§ **Exercise requirements**
Retype word for word the stretch of entries below from the line that has "4 PARKING INCLUDED63845967089793123" through the line that has "2025 BMW i5 - thumbnail 6", and omit the pictures.

§ **Input records**
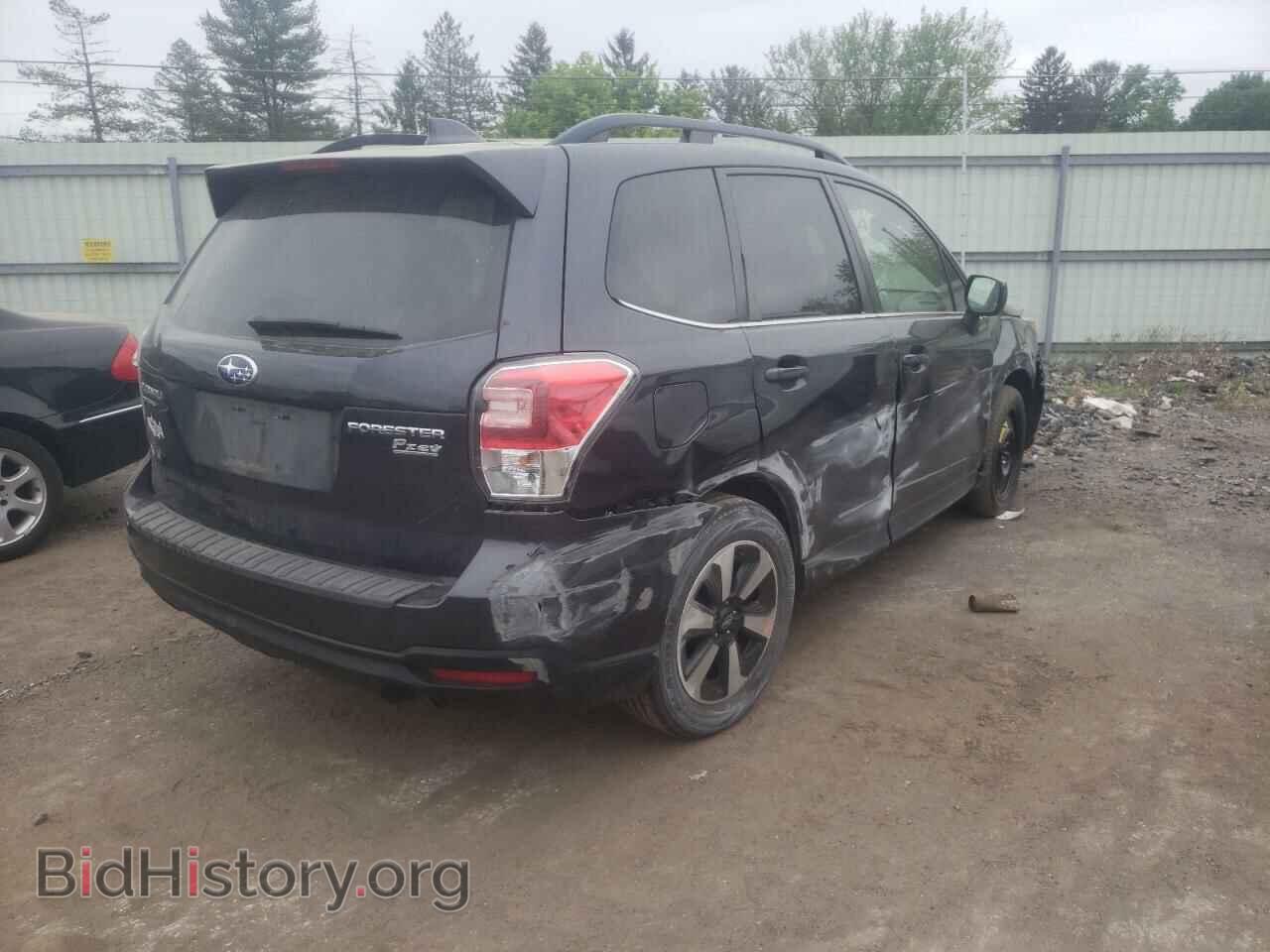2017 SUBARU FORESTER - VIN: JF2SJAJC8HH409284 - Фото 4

==

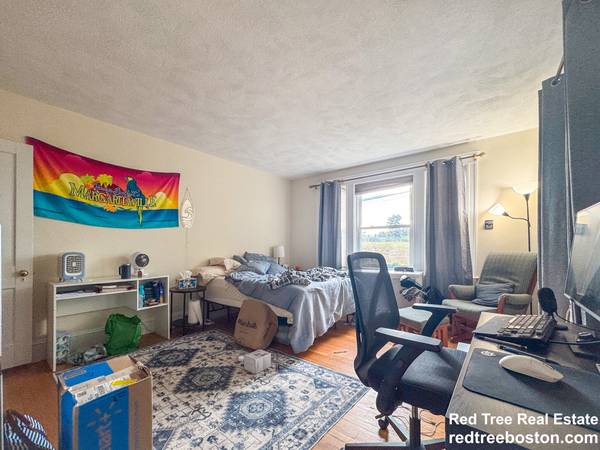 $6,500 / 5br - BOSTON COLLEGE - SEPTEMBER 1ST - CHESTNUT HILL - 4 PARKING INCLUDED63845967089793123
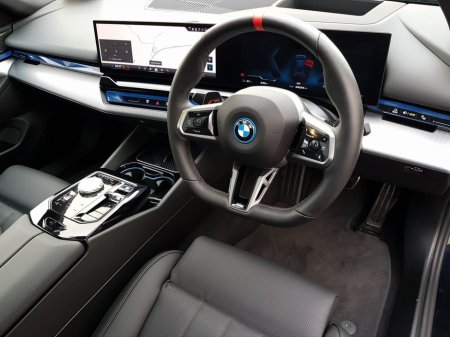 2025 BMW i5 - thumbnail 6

§ **Exercise answer**
 $6,500 / 5br - BOSTON COLLEGE - SEPTEMBER 1ST - CHESTNUT HILL - 4 PARKING INCLUDED63845967089793123
 2025 BMW i5 - thumbnail 6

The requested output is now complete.